The staging area also catches the middle case during dedup checks on push. Crab's three-tier dedup check looks like this:
| Check | Where it looks | Cost |
|---|---|---|
| Session dedup | In-memory hash set | Free (RAM lookup) |
| Staging dedup | Local SQLite index | Fast (disk read) |
| Global dedup | Remote shard index | Slow (network call) |
Most chunks short-circuit at one of the first two checks, so the global lookup stays rare and the network stays quiet.
L3 — Metadata Warming (Shopping List)
Here's a problem fresh clones run into. Before any actual data transfer can begin, Crab needs to know where every chunk lives in cloud storage. With no local metadata that means hundreds of sequential lookups just to build the map — pure latency, before a single byte of useful data moves.
Crab works around this by warming metadata in the background during clone. While you're getting set up, it prefetches shard indexes and file-index entries. By the time you run your first crab hydrate, many of the "where is everything?" questions are already answered locally and the network can spend more time on actual file content.

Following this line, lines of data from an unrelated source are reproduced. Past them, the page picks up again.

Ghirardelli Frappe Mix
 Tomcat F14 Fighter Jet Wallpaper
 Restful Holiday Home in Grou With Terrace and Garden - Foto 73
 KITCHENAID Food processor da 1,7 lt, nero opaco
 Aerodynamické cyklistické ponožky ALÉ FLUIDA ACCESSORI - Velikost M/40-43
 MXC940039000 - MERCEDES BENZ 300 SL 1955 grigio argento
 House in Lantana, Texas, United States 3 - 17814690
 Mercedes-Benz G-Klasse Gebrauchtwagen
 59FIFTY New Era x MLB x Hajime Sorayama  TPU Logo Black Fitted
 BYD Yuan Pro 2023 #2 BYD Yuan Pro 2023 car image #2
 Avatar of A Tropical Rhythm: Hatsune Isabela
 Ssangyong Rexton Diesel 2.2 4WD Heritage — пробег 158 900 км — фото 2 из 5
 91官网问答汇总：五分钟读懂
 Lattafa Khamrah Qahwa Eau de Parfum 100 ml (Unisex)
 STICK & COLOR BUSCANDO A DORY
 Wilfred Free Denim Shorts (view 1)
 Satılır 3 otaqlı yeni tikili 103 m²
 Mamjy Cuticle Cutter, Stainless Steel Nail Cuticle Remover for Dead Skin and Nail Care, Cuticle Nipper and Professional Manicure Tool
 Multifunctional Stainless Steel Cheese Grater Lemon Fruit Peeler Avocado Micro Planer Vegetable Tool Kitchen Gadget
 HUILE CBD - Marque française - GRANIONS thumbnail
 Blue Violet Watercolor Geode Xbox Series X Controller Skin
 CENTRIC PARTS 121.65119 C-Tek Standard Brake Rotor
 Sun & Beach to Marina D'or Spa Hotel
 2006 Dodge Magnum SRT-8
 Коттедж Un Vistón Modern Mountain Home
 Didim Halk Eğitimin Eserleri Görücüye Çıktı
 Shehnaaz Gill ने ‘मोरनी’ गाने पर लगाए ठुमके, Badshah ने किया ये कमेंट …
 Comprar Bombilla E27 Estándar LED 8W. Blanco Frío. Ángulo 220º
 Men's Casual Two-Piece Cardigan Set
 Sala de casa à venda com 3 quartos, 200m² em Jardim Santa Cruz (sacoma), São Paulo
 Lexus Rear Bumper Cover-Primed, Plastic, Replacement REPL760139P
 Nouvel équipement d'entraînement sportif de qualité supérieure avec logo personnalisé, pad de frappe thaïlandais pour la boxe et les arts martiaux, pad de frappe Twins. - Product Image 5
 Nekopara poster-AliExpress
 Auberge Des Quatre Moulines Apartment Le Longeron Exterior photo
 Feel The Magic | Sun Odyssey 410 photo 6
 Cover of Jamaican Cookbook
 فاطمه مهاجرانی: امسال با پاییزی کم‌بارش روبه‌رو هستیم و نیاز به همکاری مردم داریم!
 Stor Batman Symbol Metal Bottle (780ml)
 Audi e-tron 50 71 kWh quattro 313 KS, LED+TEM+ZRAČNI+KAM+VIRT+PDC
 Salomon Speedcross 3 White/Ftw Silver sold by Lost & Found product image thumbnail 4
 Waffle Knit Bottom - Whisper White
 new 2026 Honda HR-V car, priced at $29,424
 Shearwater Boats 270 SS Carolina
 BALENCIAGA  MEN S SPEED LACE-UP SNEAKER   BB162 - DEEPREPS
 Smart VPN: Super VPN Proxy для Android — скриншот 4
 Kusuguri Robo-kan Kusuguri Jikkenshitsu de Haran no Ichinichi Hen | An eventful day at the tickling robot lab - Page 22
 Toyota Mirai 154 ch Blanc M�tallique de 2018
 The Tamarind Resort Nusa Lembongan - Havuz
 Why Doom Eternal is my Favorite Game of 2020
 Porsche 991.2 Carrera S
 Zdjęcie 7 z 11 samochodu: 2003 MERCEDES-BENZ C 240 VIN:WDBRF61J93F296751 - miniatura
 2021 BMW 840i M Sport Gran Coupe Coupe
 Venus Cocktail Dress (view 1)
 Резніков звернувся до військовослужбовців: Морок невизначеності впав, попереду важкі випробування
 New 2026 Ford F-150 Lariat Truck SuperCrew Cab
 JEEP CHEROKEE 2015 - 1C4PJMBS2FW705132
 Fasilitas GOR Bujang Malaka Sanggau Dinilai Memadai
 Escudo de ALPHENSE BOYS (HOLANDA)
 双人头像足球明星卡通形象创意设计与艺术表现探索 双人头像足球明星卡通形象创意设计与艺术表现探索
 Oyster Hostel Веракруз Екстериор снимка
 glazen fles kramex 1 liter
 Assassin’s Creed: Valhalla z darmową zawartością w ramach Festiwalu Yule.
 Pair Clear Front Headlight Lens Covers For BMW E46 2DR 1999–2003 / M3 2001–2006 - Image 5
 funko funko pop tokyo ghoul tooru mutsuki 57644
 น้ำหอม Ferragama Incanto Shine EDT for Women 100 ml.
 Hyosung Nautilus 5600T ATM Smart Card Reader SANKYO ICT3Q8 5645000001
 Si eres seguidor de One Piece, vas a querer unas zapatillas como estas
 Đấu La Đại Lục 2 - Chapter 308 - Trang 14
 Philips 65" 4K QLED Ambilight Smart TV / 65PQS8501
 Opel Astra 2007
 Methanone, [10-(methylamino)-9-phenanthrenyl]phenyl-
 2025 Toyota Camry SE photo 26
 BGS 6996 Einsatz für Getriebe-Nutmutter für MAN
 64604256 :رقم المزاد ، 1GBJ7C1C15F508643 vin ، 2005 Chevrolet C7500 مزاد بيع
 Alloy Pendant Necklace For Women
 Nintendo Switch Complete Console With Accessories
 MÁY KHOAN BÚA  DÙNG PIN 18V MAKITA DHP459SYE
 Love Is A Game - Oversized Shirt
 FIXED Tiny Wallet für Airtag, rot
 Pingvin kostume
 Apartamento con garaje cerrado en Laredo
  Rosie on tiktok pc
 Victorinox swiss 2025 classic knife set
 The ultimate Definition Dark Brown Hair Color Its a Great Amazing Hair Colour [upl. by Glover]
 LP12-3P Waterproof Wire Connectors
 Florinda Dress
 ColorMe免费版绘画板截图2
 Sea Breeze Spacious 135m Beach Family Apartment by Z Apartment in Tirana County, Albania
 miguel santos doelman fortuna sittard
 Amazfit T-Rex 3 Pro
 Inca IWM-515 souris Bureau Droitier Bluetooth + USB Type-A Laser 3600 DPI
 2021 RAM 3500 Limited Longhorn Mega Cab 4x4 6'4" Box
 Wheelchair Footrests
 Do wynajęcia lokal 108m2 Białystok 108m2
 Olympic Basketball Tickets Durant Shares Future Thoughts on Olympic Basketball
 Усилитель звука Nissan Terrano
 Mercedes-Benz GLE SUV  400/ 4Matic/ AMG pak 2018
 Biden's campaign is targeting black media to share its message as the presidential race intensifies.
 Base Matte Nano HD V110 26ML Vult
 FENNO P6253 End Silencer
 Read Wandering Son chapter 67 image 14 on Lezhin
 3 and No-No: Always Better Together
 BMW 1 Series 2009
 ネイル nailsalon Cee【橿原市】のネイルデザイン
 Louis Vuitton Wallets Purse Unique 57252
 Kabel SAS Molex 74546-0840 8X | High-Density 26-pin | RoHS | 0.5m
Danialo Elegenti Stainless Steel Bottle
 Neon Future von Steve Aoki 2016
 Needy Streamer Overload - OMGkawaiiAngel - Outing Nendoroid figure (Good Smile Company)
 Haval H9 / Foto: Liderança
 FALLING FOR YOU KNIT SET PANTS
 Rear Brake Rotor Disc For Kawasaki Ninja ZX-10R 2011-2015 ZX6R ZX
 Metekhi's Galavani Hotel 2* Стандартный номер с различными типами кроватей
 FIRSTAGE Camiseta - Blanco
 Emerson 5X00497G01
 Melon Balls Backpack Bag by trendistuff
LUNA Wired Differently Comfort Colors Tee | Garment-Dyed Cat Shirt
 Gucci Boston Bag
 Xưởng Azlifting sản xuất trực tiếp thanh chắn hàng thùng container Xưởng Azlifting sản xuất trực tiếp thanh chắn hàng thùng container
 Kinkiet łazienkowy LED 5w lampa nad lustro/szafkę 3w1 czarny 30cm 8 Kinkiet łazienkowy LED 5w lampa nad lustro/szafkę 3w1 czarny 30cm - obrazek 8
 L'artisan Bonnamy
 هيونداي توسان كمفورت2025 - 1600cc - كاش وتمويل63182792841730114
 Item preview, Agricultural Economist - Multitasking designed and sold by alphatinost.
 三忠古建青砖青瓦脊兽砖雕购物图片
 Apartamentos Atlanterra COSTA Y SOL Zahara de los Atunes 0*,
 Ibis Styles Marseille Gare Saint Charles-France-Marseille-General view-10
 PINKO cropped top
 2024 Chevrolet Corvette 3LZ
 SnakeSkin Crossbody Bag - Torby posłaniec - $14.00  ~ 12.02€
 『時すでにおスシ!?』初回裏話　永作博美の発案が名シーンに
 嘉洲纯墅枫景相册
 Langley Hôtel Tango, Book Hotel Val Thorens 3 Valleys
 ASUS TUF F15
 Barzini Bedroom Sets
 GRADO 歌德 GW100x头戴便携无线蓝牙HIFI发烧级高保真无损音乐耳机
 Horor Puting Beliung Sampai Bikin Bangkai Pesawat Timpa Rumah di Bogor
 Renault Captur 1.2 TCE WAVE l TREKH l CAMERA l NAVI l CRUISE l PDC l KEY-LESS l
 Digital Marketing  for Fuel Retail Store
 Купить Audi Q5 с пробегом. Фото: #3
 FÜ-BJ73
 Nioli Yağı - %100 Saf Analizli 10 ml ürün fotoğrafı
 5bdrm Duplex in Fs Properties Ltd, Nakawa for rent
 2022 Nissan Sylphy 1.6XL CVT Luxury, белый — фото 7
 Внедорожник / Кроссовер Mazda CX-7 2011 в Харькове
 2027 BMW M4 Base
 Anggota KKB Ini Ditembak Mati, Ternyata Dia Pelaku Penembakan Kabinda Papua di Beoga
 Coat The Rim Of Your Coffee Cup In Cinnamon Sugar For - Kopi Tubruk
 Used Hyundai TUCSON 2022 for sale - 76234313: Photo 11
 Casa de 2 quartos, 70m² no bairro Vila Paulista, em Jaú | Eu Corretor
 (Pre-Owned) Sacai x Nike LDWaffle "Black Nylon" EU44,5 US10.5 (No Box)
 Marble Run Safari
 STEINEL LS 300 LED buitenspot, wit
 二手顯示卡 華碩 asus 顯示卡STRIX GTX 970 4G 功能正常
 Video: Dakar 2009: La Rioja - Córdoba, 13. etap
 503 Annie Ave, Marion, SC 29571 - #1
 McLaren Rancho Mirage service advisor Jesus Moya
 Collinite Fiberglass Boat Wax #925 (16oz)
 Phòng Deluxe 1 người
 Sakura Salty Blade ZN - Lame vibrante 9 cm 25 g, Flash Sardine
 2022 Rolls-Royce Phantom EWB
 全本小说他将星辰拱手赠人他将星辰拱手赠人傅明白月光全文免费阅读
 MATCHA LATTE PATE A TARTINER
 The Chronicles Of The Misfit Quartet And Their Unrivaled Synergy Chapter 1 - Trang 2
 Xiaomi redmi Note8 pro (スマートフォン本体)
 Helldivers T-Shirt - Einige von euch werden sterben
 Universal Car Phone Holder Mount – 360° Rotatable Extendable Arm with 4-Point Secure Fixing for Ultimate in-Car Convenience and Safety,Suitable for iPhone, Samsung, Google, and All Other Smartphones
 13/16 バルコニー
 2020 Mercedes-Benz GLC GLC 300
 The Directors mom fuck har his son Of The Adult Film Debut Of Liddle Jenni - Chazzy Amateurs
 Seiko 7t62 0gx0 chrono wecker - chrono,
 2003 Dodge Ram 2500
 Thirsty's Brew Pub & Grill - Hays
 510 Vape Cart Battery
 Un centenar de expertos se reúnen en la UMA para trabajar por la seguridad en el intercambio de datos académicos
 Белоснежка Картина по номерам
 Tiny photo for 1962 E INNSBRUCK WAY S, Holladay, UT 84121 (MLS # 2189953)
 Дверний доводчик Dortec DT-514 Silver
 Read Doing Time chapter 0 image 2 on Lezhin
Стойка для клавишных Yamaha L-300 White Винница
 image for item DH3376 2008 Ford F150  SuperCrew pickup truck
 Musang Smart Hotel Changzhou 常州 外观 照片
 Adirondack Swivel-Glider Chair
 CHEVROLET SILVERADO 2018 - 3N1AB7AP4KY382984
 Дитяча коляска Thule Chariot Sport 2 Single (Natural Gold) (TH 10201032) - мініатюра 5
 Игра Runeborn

The difference shows up clearly the first time you hydrate after a fresh clone:
| Without warming | With warming | |
|---|---|---|
| Metadata lookups | Many sequential fetches | Often reduced by warmed shard metadata |
| Data transfer starts | After metadata resolution | Earlier when required shards are already cached |
| Bottleneck | Network latency | Network bandwidth |
It's the difference between wandering every aisle of the store looking for ingredients and walking in with a shopping list already written.
L4 — Remote Fetch With Push-to-Cache
L4 is the fall-through layer: a range request to S3 (or GCS, or Azure) for the bytes nothing else had. It's the only layer that actually moves data over the network, which is exactly why the layers above it work so hard to avoid it.
The most wasteful pattern any storage system can fall into is uploading data and then immediately downloading it again. You just had those bytes in memory — fetching them from the cloud a moment later is pure waste. Crab eliminates the round-trip entirely: at the end of every successful push, uploaded xorbs are written directly into L1.
This is safe because xorbs are immutable and content-addressed. There's no stale-cache problem — the content can't change. Freshly-pushed data lands at the "most recently used" end of the LRU, so it stays warm for the operations that follow.
A simplified version of the eviction logic looks like this:
// Conceptual: keep cache under budget, drop coldest entries first.
fn evict_to_budget(cache: &mut Cache, budget_bytes: u64) {
while cache.total_bytes() > budget_bytes {
let coldest = cache.entries_by_atime().next();
match coldest {
Some(entry) if entry.is_pinned() => break,
Some(entry) => cache.remove(&entry.key),
None => break,
}
}
}The actual implementation is more careful — it batches removals, fsyncs metadata, and cooperates with concurrent reads — but the core idea is the same. Old, untouched entries make room for new ones, and freshly pushed xorbs start at the warm end of the queue.
Avoid repeating work. Between the chunk cache, staging area, metadata warming, and push-to-cache, warm paths can avoid object-store reads. Cold paths still fetch from the bucket, then populate local cache for the next request.
What This Means in Practice
For a typical development workflow, the layers compound:
- You clone a repo. L3 metadata warming prefetches shard indexes in the background.
- You hydrate files. Chunks resolve from the warmed L3 map, and downloads are bandwidth-bound from the very first byte.
- You make changes and push. Only new chunks upload (dedup handles the rest), and those chunks land in L1 on the way out.
- You hydrate or diff later. Warm chunks and metadata resolve locally; cold ranges fall through to the object store and then become cacheable.
After the initial clone and first reads, everyday operations touch S3 less often. The cache layers cooperate so that remote fetch becomes the exception for warm working sets, not the default for every operation.